連合(芳野友子会長)は19日、中央執行委員会を開き、2024年春闘に向けた統一要求について、定期昇給分を含めた賃上げ目標を「5%以上」とする方針を確認した。今春闘での「5%程度」から「以上」へと一段アップ。賃金の上昇が物価上昇に追いつかずに高止まりし、実質賃金のマイナスが1年半以上も続いていることなどを踏まえた。同日、連合会館で開いた記者会見=写真=で芳野会長は、30年ぶりの高水準となった今春闘を転換点と位置付けたうえで「今年を上回る賃上げを目指す。とりわけ中小、非正規のところが重要だ」と強調した。

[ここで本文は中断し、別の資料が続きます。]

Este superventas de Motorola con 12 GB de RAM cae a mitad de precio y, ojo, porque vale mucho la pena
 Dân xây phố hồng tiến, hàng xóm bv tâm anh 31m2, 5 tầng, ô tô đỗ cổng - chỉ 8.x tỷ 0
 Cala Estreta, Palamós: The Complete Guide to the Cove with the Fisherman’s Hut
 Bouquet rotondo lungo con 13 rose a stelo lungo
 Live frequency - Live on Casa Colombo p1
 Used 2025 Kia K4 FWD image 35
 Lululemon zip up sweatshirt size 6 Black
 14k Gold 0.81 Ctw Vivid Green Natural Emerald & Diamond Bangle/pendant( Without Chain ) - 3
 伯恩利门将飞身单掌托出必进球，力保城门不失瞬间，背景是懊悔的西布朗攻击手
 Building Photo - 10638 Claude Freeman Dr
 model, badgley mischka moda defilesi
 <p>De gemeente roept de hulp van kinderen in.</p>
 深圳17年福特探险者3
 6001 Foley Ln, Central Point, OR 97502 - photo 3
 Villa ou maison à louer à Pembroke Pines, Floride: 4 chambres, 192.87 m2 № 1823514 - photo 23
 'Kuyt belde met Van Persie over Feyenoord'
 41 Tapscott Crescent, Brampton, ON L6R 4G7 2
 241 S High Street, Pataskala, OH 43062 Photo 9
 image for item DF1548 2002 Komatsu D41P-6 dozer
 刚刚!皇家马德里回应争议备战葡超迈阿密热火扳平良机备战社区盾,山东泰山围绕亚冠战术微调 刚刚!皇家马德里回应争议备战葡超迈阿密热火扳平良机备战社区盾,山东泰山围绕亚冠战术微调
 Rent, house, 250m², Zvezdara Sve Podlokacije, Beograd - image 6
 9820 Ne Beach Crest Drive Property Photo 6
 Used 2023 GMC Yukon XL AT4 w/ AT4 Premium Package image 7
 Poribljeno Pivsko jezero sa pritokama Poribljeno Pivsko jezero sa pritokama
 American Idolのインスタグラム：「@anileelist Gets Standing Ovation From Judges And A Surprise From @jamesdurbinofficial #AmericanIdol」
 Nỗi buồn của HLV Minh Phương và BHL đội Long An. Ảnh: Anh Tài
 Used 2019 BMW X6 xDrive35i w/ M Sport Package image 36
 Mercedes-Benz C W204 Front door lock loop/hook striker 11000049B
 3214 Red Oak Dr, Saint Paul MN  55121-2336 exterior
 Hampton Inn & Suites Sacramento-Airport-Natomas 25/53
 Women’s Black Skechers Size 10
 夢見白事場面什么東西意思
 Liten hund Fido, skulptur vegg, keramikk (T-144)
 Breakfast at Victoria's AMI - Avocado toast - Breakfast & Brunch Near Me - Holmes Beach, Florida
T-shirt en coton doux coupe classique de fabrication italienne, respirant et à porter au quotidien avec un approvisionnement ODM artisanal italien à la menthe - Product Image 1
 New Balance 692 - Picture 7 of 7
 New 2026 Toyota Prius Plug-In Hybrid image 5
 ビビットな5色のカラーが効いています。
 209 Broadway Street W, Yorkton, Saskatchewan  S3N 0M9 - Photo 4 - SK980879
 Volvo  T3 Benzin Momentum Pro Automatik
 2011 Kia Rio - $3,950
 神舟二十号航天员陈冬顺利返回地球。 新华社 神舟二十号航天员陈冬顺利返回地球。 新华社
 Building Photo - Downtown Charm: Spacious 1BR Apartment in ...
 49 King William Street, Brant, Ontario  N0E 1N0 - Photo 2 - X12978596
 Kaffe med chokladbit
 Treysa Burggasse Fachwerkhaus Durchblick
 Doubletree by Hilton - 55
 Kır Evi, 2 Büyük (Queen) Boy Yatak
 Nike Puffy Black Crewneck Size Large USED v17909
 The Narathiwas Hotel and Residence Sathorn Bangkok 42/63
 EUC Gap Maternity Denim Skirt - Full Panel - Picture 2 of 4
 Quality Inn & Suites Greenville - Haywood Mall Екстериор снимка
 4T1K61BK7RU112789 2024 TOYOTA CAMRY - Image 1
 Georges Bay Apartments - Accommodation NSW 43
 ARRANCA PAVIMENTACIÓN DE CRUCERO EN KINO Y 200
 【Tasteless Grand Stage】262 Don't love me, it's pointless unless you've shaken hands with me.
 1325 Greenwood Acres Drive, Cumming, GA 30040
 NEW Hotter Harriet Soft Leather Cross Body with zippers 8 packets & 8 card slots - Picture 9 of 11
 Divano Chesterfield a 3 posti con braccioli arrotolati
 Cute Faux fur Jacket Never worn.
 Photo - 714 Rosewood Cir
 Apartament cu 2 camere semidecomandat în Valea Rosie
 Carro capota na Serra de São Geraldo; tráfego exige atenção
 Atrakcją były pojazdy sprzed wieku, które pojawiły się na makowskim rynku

基本構想では(1)経済も賃金も物価も安定的に上昇する経済社会へとステージ転換をはかる正念場であり、最大のカギは社会全体で問題意識を共有して持続的な賃上げを実現する(2)経済社会のステージ転換を着実に進めるべく、すべての働く人の生活を持続的に向上させるマクロの観点と各産業の「底上げ」「底支え」「格差是正」の取り組み強化を促す観点から前年を上回る賃上げをめざす(3)賃上げ分3%以上、定昇相当分(賃金カーブ維持相当分)を含め5%以上の賃上げを目安とする(4)中小組合で賃金実態が把握できないなどの事情がある場合は、格差是正分を含め1万5000円以上を目安とする――などの重点項目を挙げた。
今年の春闘では、数値目標を8年ぶりに引き上げて「5%程度」とし一定の成果を上げたが、「大幅賃上げ」は社会全体に波及せず、円安による物価上昇が"高止まり"したままだ。